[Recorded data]
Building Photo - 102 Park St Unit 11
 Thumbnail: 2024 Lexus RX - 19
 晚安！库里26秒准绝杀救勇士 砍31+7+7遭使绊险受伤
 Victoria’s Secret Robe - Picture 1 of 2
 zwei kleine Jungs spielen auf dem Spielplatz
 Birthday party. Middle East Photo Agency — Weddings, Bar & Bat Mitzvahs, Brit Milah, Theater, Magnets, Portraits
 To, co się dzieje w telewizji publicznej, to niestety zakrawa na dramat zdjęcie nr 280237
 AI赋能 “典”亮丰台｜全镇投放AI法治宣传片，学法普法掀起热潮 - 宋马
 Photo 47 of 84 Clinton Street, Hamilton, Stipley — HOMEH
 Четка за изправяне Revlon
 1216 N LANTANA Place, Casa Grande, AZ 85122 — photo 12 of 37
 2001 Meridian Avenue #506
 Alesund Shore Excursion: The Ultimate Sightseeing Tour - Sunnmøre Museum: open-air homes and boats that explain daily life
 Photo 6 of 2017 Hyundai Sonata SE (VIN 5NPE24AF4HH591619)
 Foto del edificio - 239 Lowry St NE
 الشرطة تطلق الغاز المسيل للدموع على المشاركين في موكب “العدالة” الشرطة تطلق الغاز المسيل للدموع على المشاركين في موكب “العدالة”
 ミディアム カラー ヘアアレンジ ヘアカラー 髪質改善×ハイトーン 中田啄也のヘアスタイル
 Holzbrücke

# Task to complete
Begin with the line that contains "2001 Meridian Avenue #506" and quote each line after it exactly, stopping after the last line of the data.

# Output of the exercise
 2001 Meridian Avenue #506
 Alesund Shore Excursion: The Ultimate Sightseeing Tour - Sunnmøre Museum: open-air homes and boats that explain daily life
 Photo 6 of 2017 Hyundai Sonata SE (VIN 5NPE24AF4HH591619)
 Foto del edificio - 239 Lowry St NE
 الشرطة تطلق الغاز المسيل للدموع على المشاركين في موكب “العدالة” الشرطة تطلق الغاز المسيل للدموع على المشاركين في موكب “العدالة”
 ミディアム カラー ヘアアレンジ ヘアカラー 髪質改善×ハイトーン 中田啄也のヘアスタイル
 Holzbrücke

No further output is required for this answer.